Mayo: not just a sandwich spread



     Being diagnosed with a serious heart condition changes a lot of things, one of them being the lengths to which Josh and I will go to get medical care that we can trust.  My (previous) cardiologist thought I was nuts for even considering driving to Florida “just” to get another opinion.  But Mayo isn’t just the name of that white stuff you put in potato salad, or if you are my mother, all over your sandwich. 
     Mayo is also the name of 3 hospital centers across the States.  The first Mayo Clinic was opened in Rochester, Minnesota in 1863 with the start of Dr. William Mayo’s practice there.  Dr.

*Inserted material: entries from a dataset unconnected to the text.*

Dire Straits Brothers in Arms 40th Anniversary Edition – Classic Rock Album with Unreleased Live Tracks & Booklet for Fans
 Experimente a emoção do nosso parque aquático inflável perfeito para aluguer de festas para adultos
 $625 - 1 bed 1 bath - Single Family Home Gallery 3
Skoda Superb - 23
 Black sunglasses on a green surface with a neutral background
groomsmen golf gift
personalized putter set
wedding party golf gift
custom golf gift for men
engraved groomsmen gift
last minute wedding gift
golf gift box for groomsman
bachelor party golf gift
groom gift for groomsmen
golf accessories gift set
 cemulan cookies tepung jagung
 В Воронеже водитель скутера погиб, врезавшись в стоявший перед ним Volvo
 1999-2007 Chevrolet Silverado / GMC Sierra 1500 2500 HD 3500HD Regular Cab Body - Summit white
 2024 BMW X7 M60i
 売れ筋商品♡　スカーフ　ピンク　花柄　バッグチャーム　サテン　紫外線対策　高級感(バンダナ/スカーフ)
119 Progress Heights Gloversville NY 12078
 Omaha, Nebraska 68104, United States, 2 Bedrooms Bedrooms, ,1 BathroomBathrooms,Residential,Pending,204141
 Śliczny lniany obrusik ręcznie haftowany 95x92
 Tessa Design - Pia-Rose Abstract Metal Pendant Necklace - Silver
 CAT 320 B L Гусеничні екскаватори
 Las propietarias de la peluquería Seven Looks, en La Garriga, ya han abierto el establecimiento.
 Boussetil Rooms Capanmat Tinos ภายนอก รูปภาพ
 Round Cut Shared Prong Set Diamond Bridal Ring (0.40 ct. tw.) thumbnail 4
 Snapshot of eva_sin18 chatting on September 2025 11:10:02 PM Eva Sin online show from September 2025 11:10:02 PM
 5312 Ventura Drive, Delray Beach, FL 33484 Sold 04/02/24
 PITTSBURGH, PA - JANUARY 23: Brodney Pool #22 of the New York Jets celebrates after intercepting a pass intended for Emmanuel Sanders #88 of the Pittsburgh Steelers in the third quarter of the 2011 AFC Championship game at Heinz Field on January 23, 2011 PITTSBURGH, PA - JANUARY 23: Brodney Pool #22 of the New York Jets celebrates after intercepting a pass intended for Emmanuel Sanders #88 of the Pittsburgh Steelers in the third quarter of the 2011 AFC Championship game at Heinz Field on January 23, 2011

Mayo was then joined by his two sons in the 1880s.  As the Mayo family’s dedication to their patients, collaborative approach to knowledge, and love of innovation and the advancement of the science of medicine drew in too many patients to serve, the Mayo family asked other doctors and scientists to join them.  The Mayo Clinic in Rochester has consistently been voted the best hospital in the country by both patients and practitioners over the 150 years they have been in service.
      Integrated, patient centered care is how the Mayo family made their name in medicine and is still the core of the values held by all of the Mayo Clinics: Minnesota, Arizona and the one we went to in Jacksonville, Florida.  If you moved across the country, were then diagnosed with a life-threatening illness and having difficulty finding medical care you could trust what would you do? 
     I’m not always brave but I am consistently stubborn.  I struggle with anxiety if things just don’t make sense to me.  Why am I experiencing heart failure?  What does this mean for my life expectancy?  Am I dying?  If I am expected to live a few years, a decade, until I’m 80, then how does heart failure change the way I will experience that life?  Will I be sick the whole time?  What is happening to me?
     I guess I also struggle with really high expectations of doctors.  I mean, why go to all that school, why choose a career taking care of people if you aren’t dedicated to, well, caring for people?  So, I hear Mayo Clinic and I think, maybe the doctors there won’t patronize me, and maybe I could trust in my care instead of fighting for good care, and maybe, just maybe, we will get some answers.
    Worth a 5 ½-6 hour drive to me.  Unless you drive down on the Sunday after Thanksgiving.  Then it needs to be worth an 11 hour drive, but, whatever.
     That feeling of a Father’s tender care?  An acquaintance-level person from Josh’s work opening their home to us, 20 minutes from Mayo in Jacksonville, when we can’t afford to stay in even the cheapest hotel.  That same couple buying us dinner Monday night.  We don’t even know them.  Gas at $2.39-2.79 per gallon over a really long drive.  We made a trip from Greenville to Jacksonville with no money in our bank account for the cost of gas, coffee and $3 all-day parking.
  That feeling of hope exploding across your chest?  Passing the entrance with the big stylized marble stones emblazoned with: “patient care”, “research”, “education” and entering the Davis Building connected to a huge hospital and the patients there don’t look afraid.
     We checked in on Monday morning really early; Josh, Matthew and I making a tour of registration just after 7 am.  I had the second appointment of the day with our cardiologist.  The minimum time the doctor spends with each patient? 45 minutes.  Yep!  Not 15 minutes while looking at his watch, 45 minutes and gave us his personal cell number as we were leaving in case we had more questions with the instructions, “Use it, don’t abuse it!”  There was a long waiting room-like couch in each exam room.  All the staff smiled with their eyes.  The doctor was waiting for us as we entered the exam room. 
     Can Mayo open a center in Greenville?